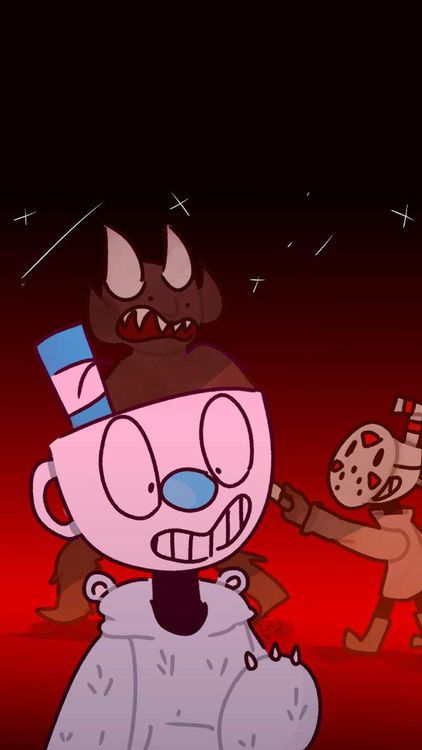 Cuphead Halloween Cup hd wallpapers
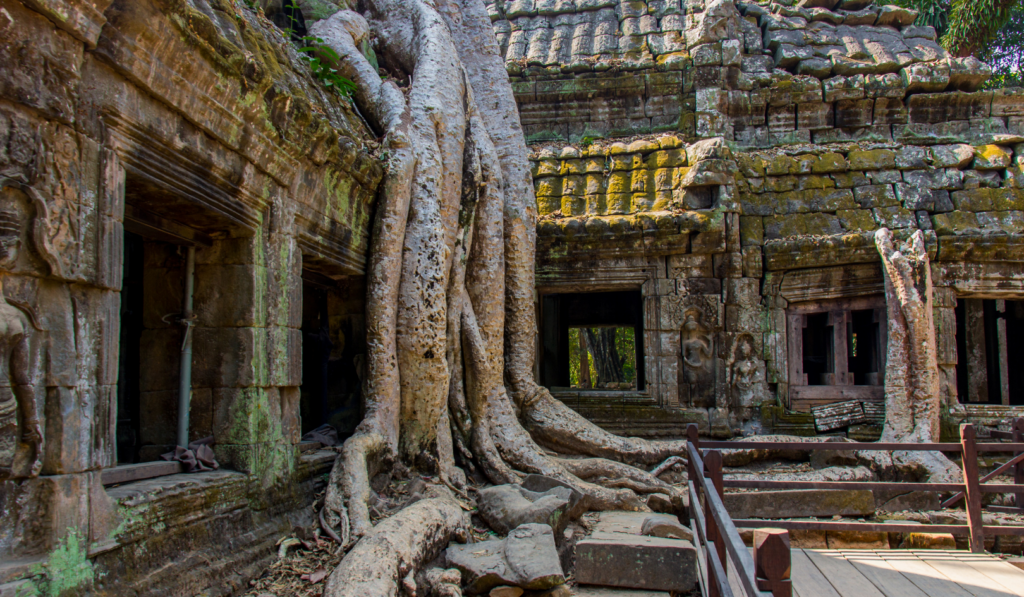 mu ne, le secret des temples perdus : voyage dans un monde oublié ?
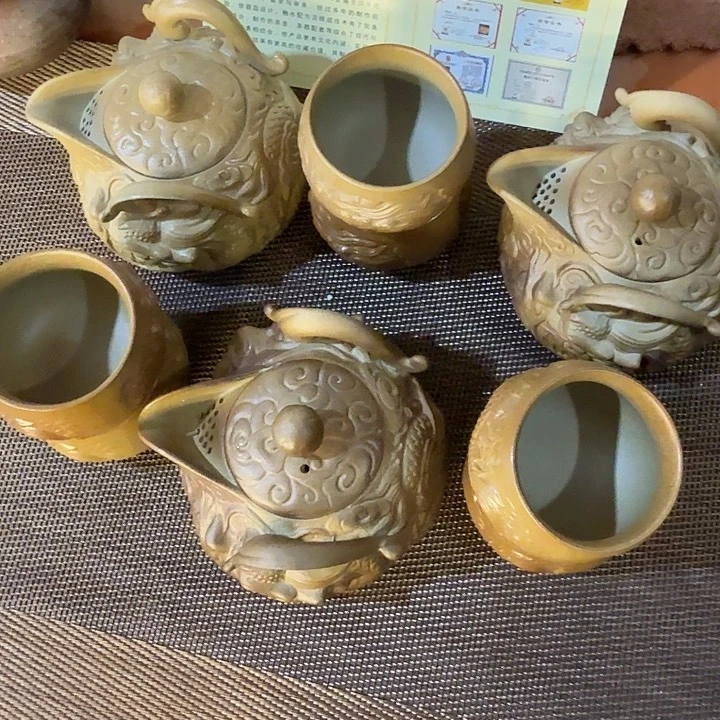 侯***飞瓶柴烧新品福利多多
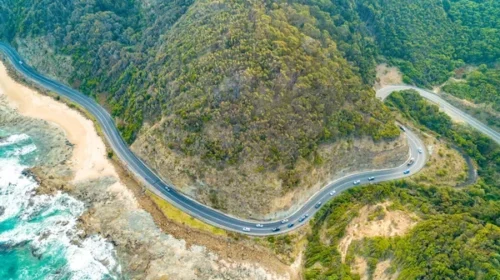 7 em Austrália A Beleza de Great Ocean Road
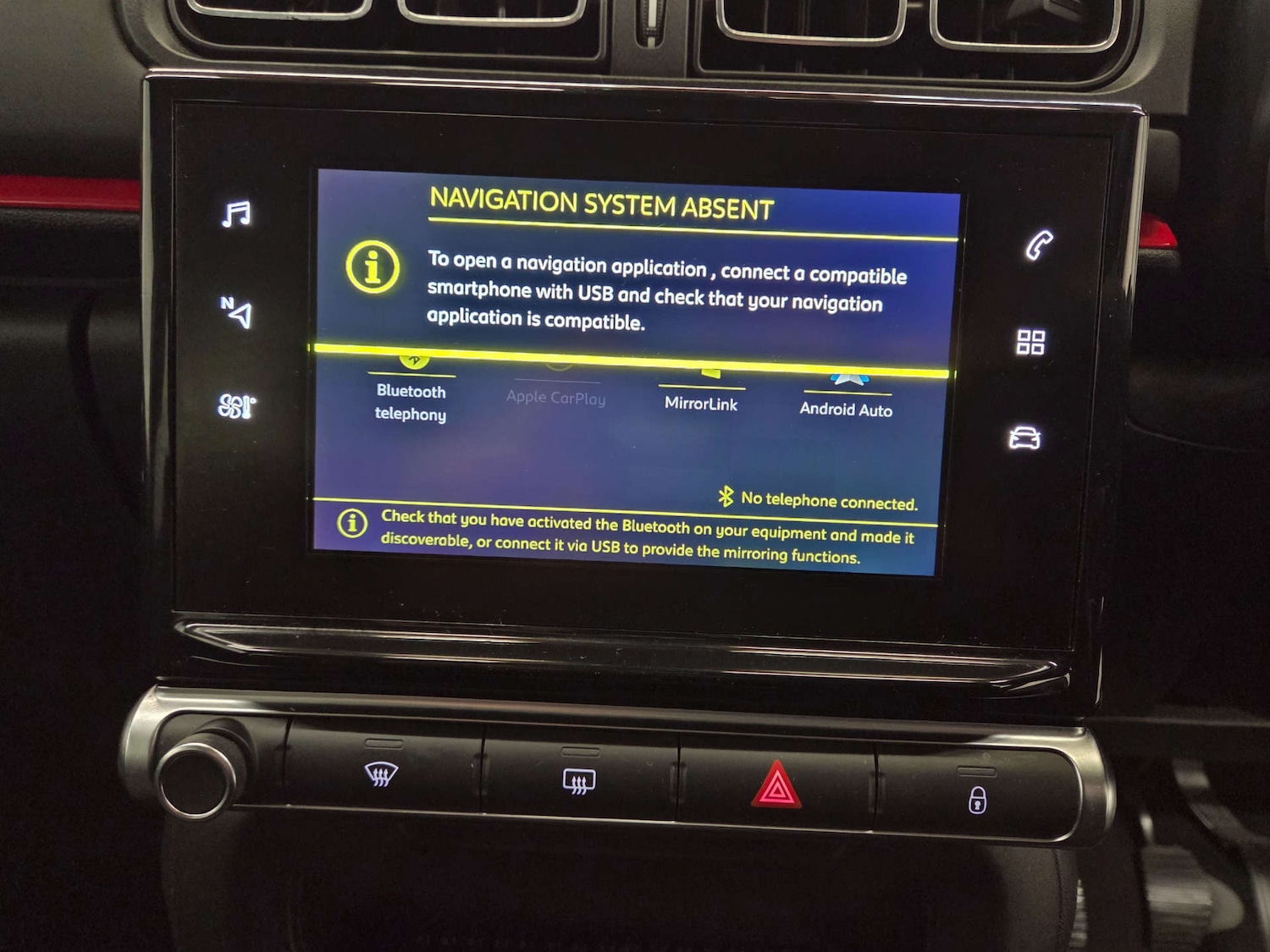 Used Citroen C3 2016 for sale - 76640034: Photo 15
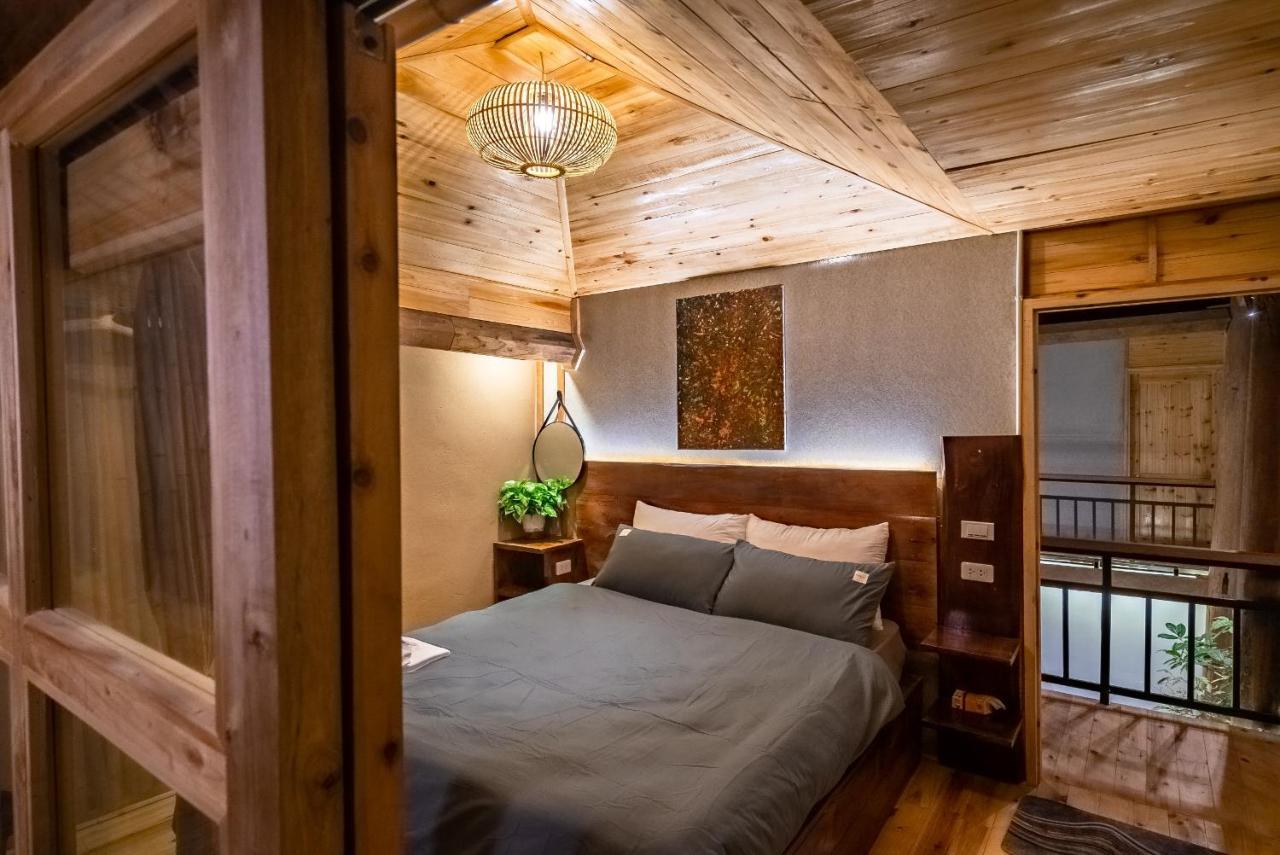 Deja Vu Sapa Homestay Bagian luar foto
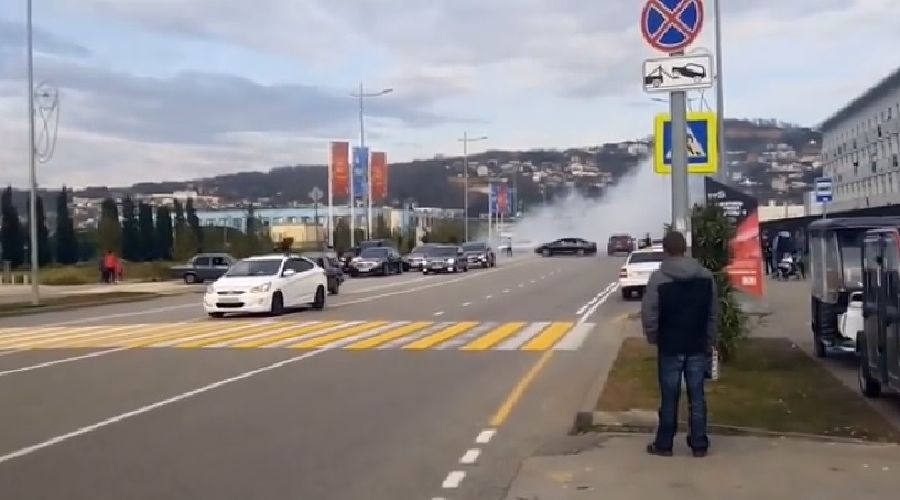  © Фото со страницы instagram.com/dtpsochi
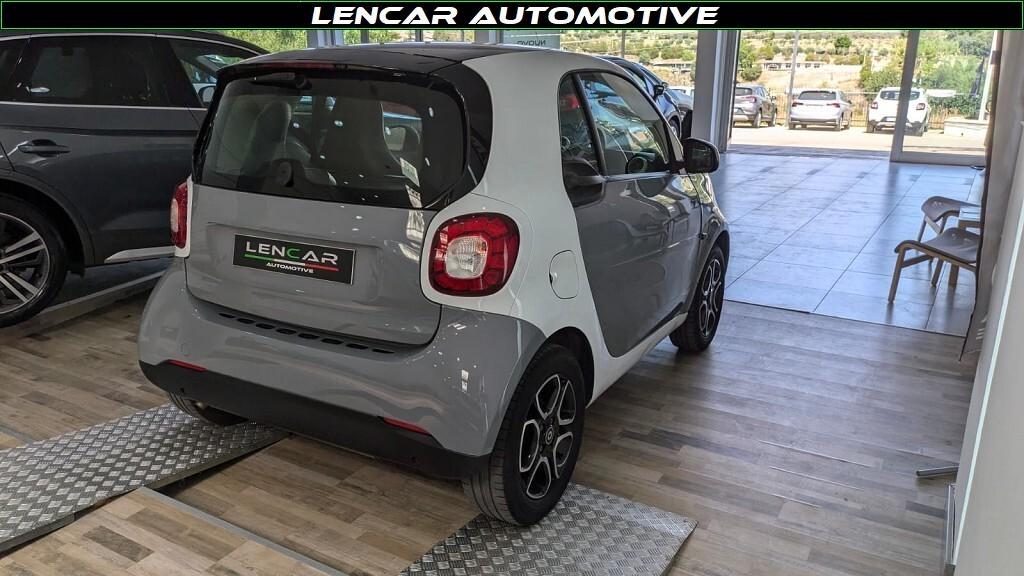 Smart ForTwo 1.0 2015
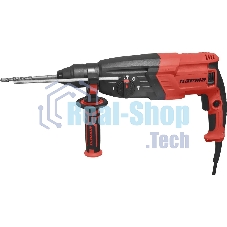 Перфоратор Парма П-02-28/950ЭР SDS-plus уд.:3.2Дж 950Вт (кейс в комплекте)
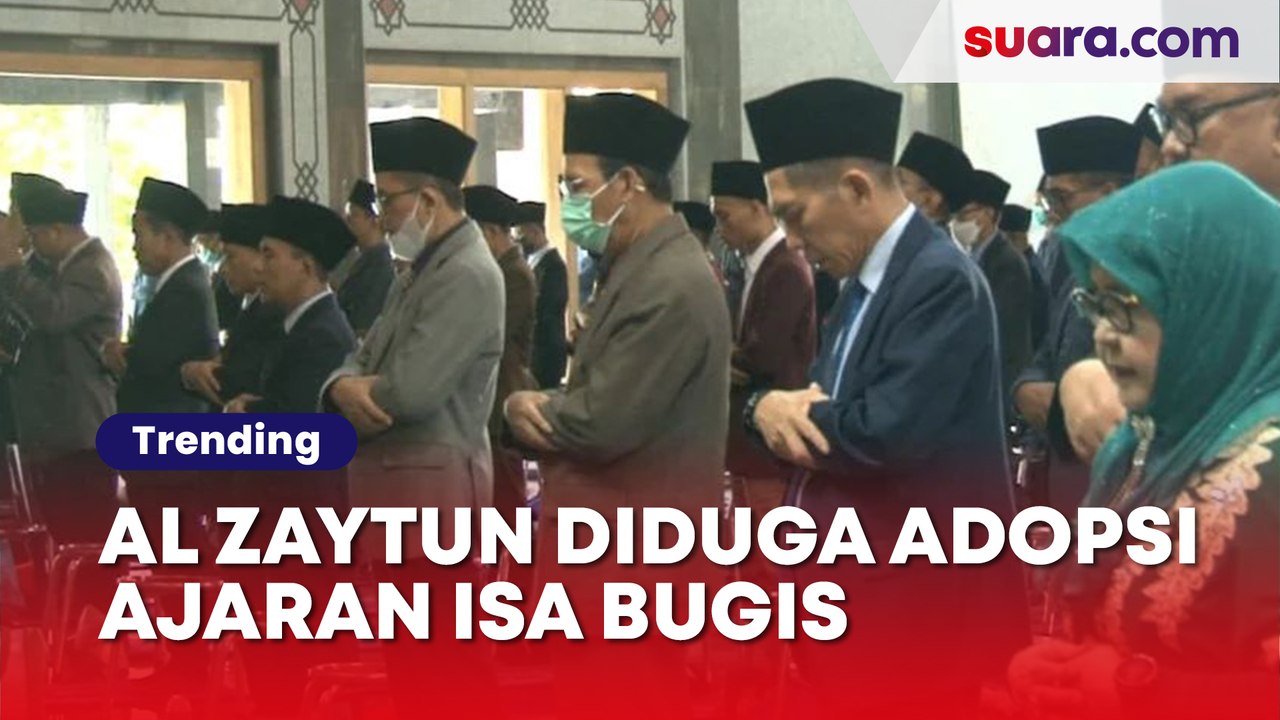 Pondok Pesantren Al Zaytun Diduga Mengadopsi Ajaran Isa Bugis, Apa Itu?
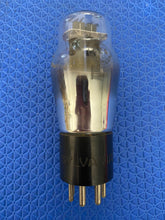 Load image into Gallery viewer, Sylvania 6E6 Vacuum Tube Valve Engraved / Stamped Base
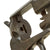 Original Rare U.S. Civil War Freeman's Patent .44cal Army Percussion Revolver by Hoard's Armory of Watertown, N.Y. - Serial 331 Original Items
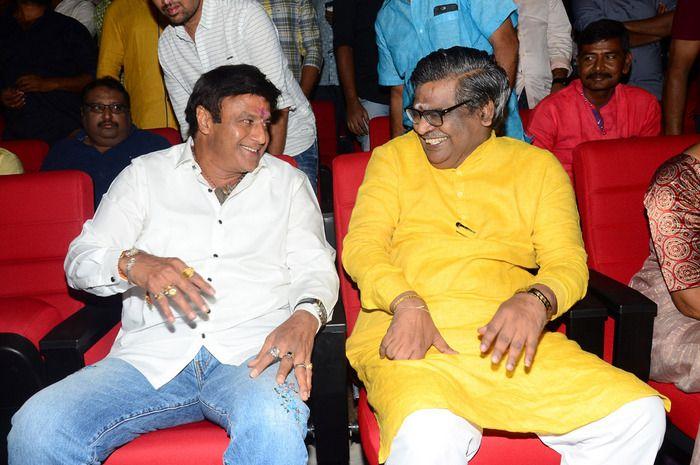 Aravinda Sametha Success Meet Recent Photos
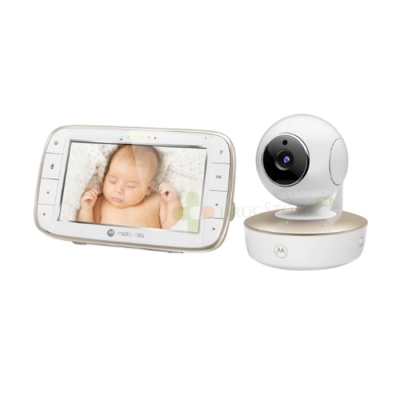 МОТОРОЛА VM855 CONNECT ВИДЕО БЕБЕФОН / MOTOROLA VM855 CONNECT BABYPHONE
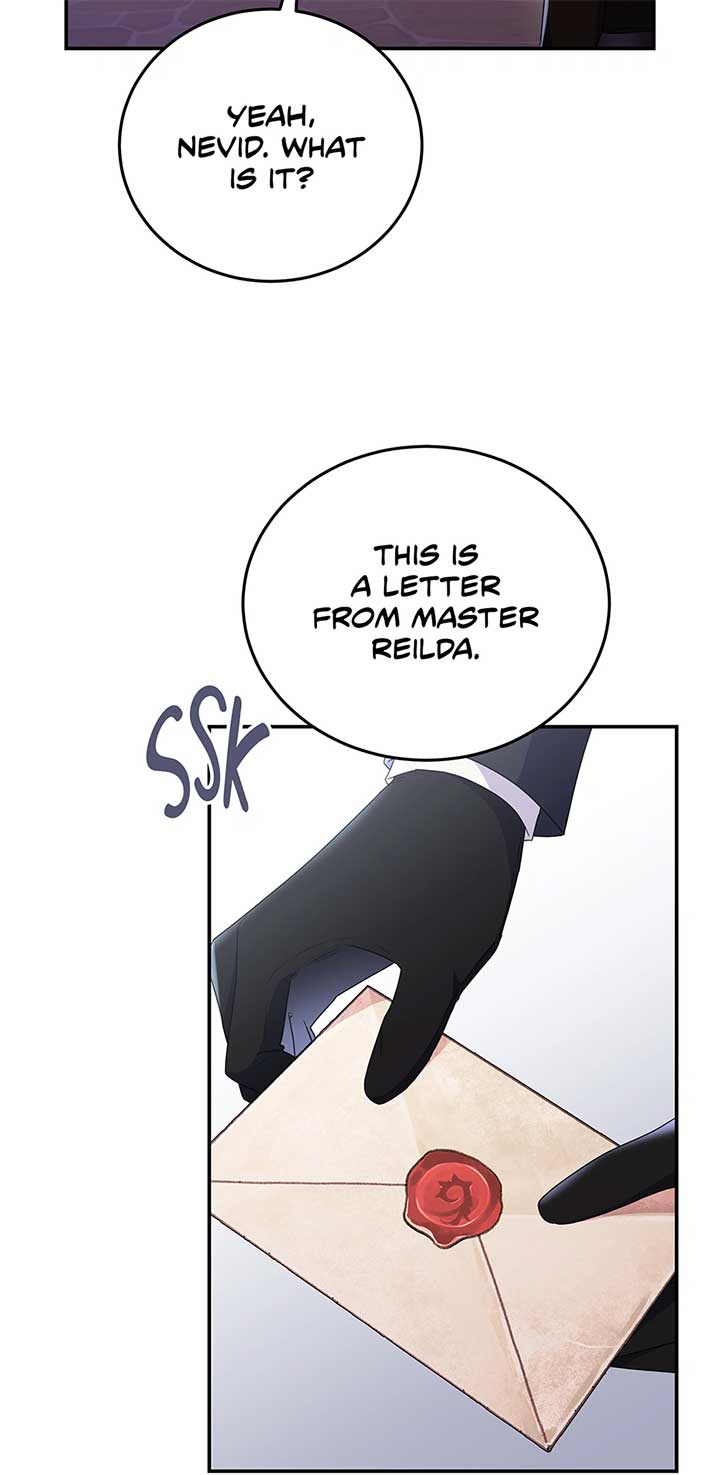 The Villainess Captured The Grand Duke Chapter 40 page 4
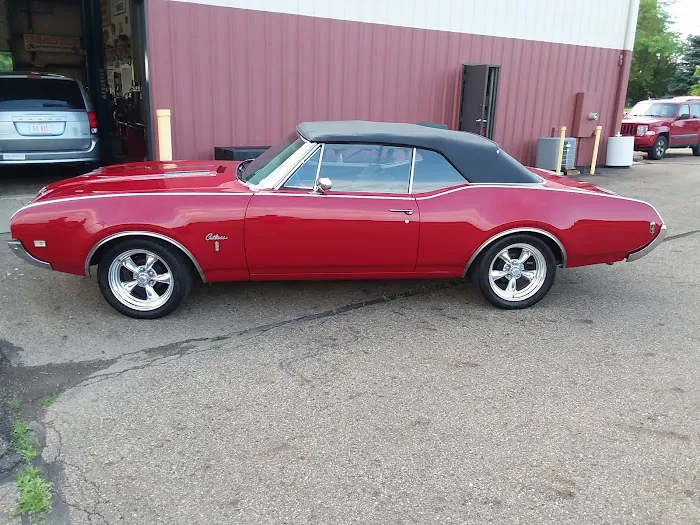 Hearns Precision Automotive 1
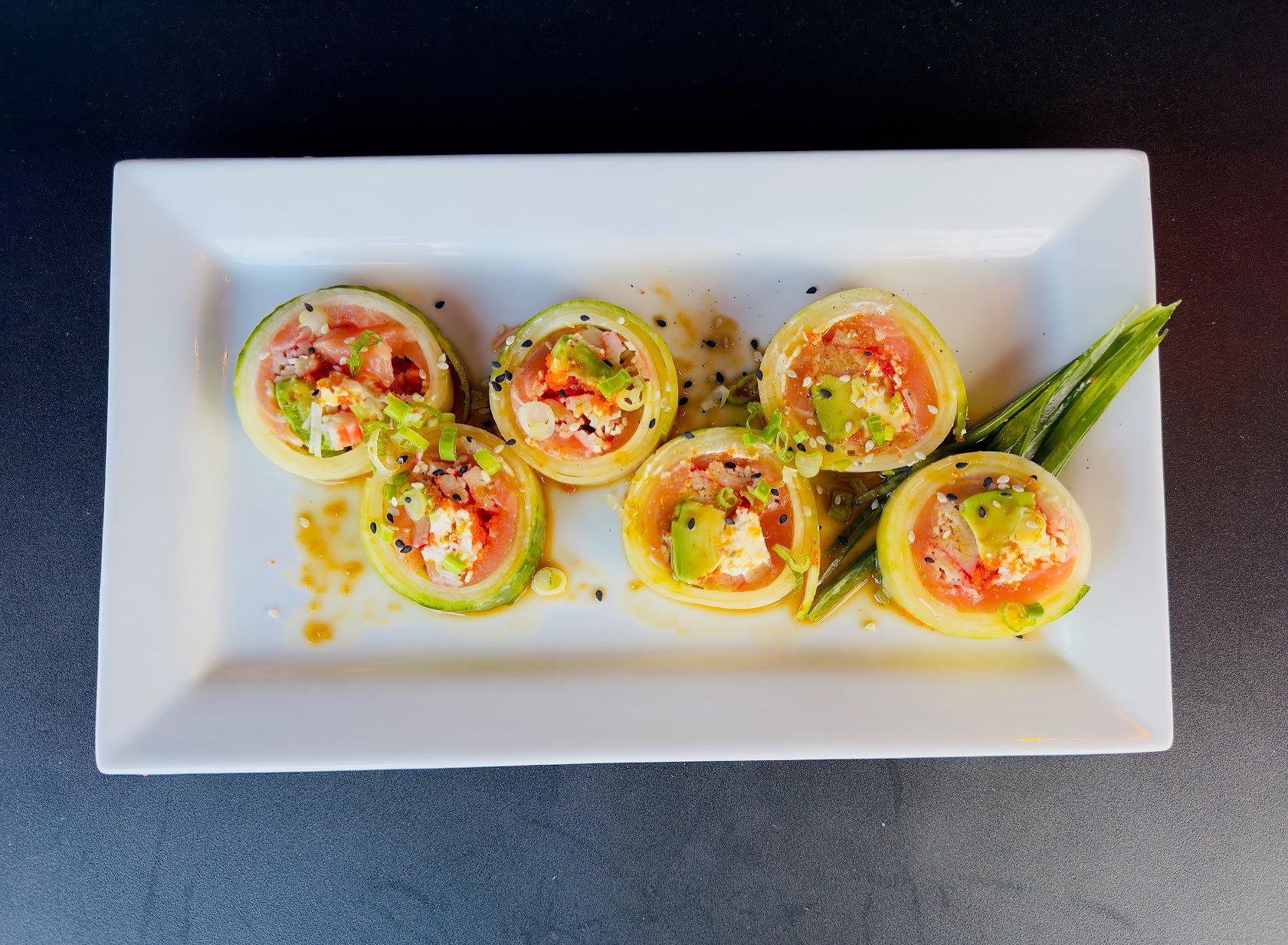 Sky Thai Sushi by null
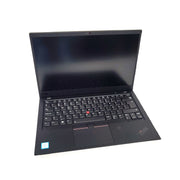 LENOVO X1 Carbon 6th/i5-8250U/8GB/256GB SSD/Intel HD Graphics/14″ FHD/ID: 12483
+++
- _Work task_: For this copy, leave pictures out and reproduce the lines from the one bearing "Original Rare U.S." through the final line of the listing above, both ends included.

- _Your response_:
 Original Rare U.S. Civil War Freeman's Patent .44cal Army Percussion Revolver by Hoard's Armory of Watertown, N.Y. - Serial 331 Original Items
 Aravinda Sametha Success Meet Recent Photos
 МОТОРОЛА VM855 CONNECT ВИДЕО БЕБЕФОН / MOTOROLA VM855 CONNECT BABYPHONE
 The Villainess Captured The Grand Duke Chapter 40 page 4
 Hearns Precision Automotive 1
 Sky Thai Sushi by null
 LENOVO X1 Carbon 6th/i5-8250U/8GB/256GB SSD/Intel HD Graphics/14″ FHD/ID: 12483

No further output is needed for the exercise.